◆ **REQUIRED ACTION**
Text only, exactly as given: reproduce the entries below without their pictures.

◆ **SUPPLIED ENTRIES**
■ ■ ■
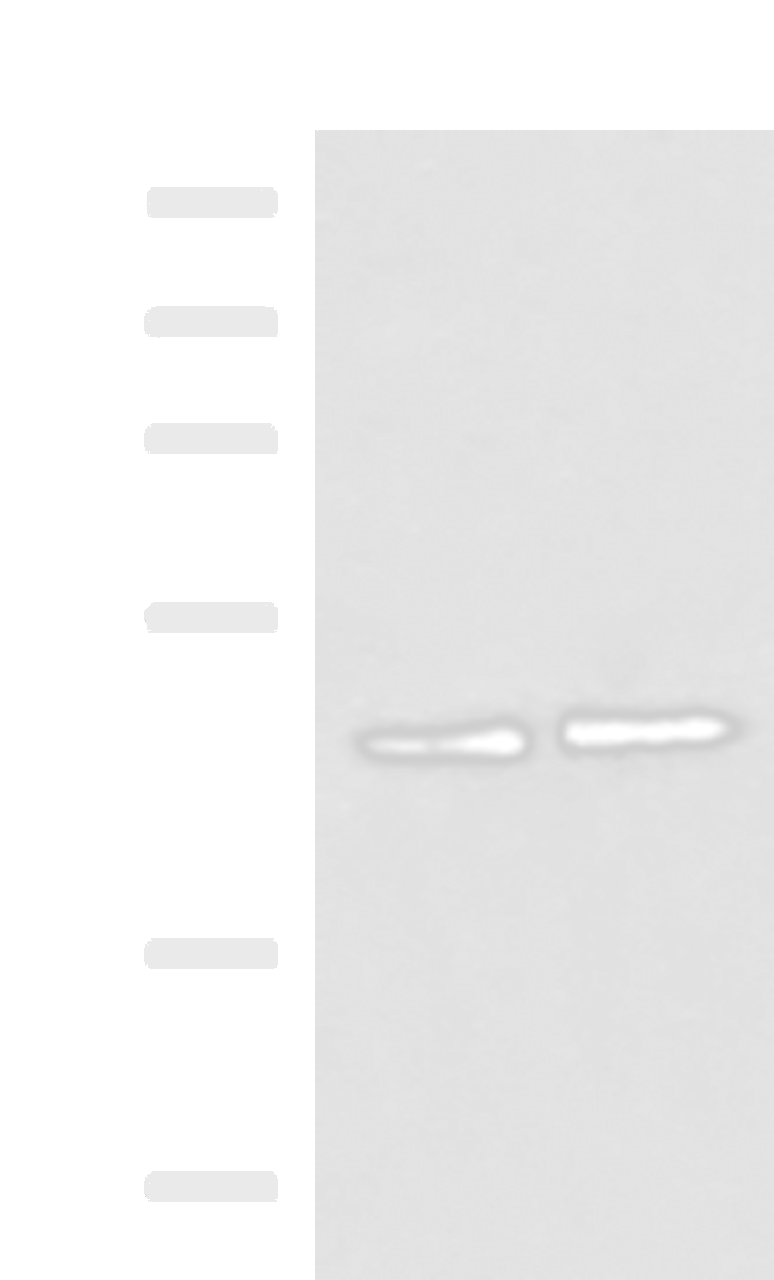 Western blot analysis of Hela and HepG2 cell lysates  using ACTL6B Polyclonal Antibody at dilution of 1:1000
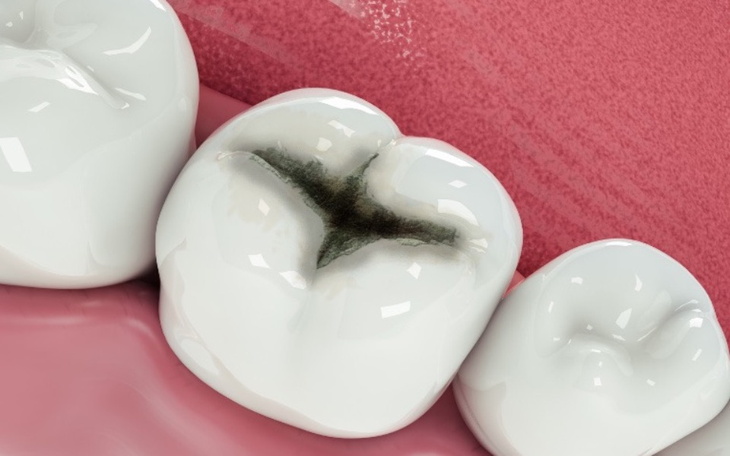 Zbiórka Plomby amalgamatowe - usunięcie - zdjęcie główne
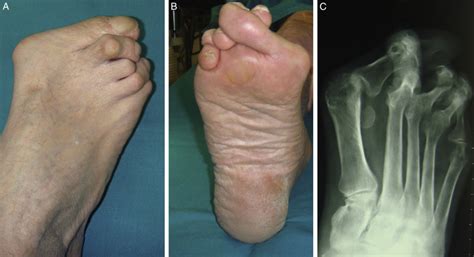 Fusion of the First Metatarsophalangeal Joint and Second to Fifth Metatarsal Head Resection for ...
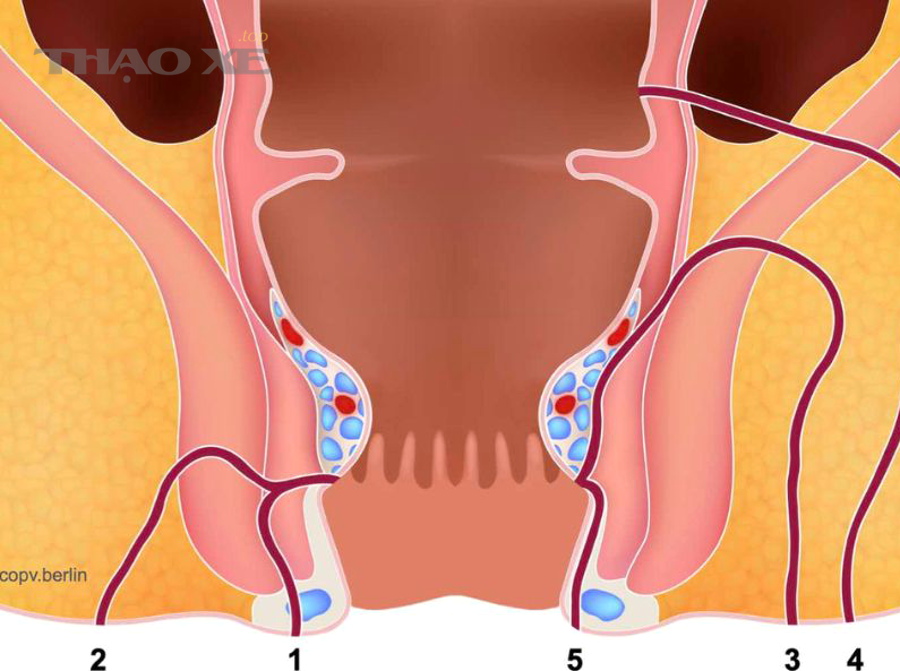 Bình nước làm mát và dấu hiệu rò rỉ nước làm mát thường gặp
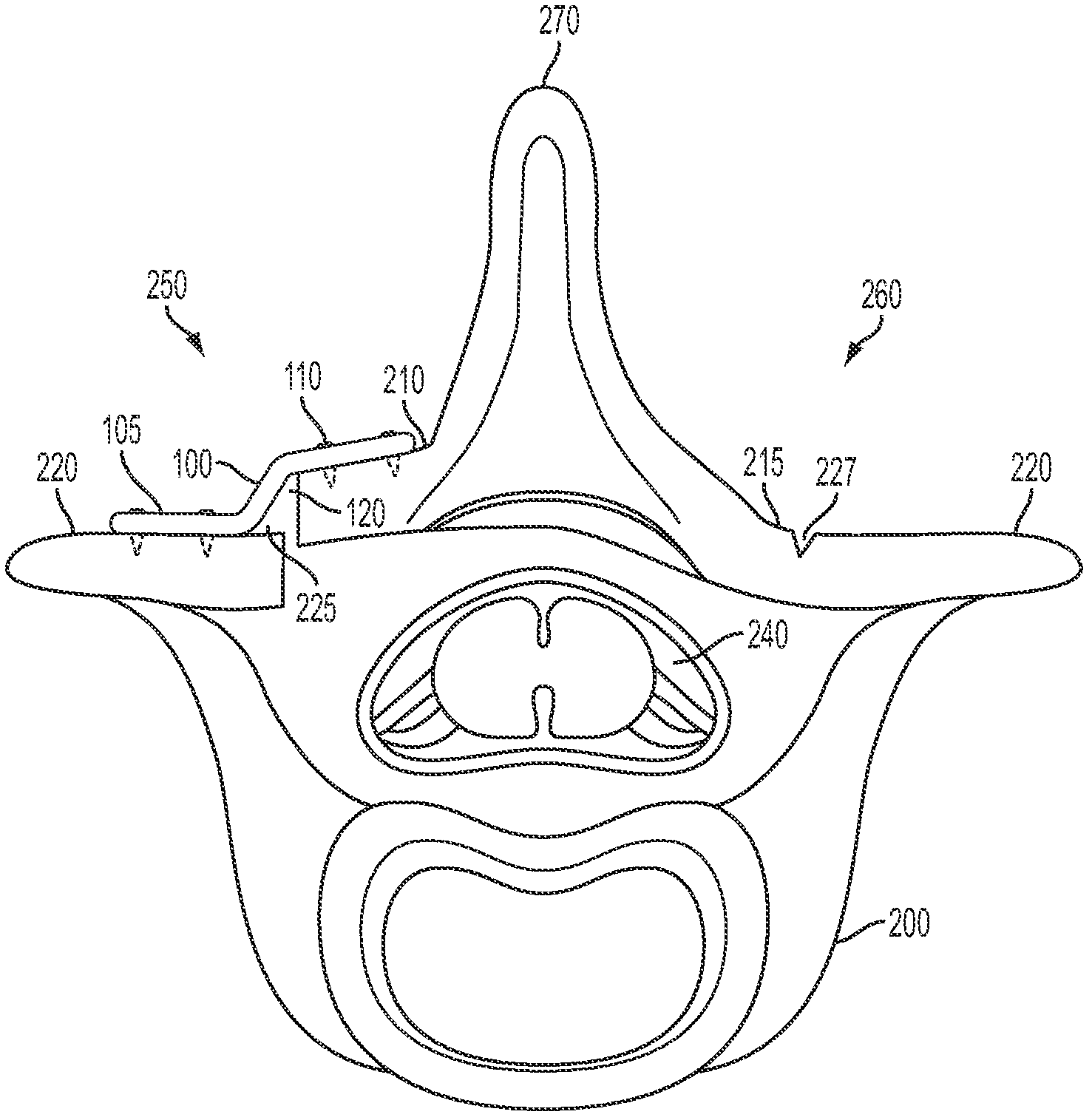 Laminoplasty system and method of use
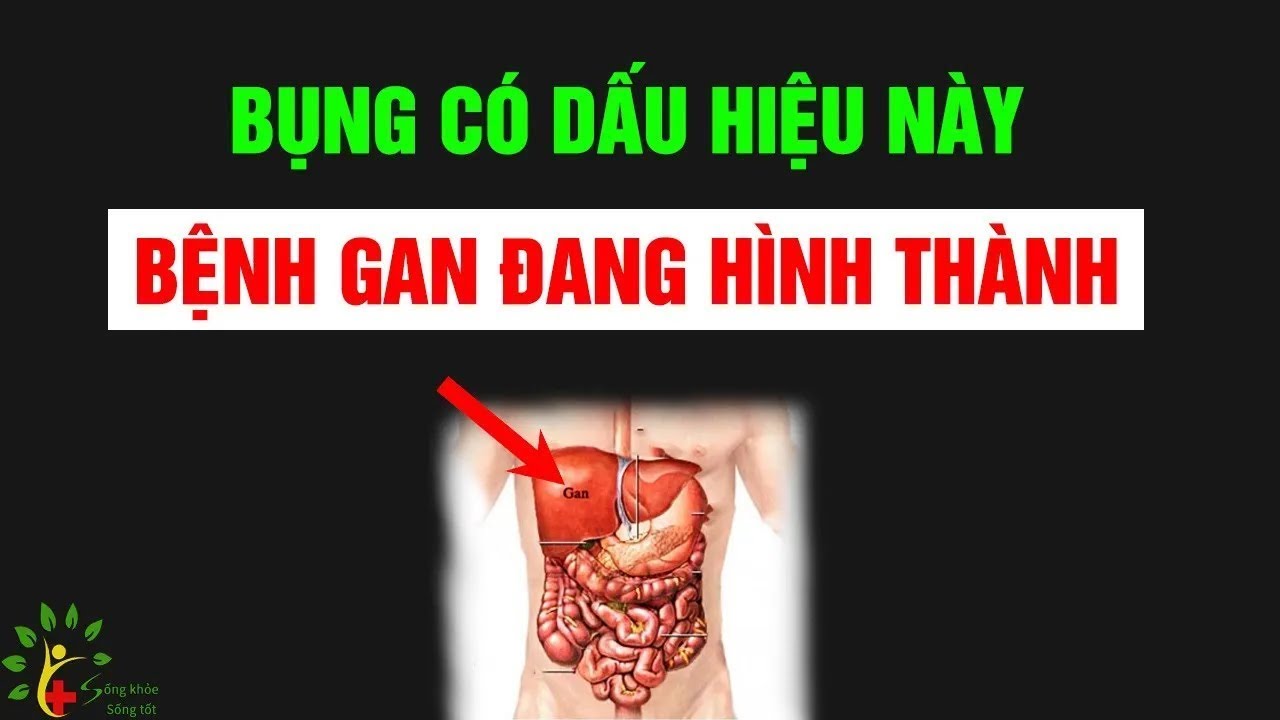 Bụng có dấu hiệu này, bệnh gan đang hình thành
■ ■ ■
◆ **SOLUTION BELOW**
 Western blot analysis of Hela and HepG2 cell lysates  using ACTL6B Polyclonal Antibody at dilution of 1:1000
 Zbiórka Plomby amalgamatowe - usunięcie - zdjęcie główne
 Fusion of the First Metatarsophalangeal Joint and Second to Fifth Metatarsal Head Resection for ...
 Bình nước làm mát và dấu hiệu rò rỉ nước làm mát thường gặp
 Laminoplasty system and method of use
 Bụng có dấu hiệu này, bệnh gan đang hình thành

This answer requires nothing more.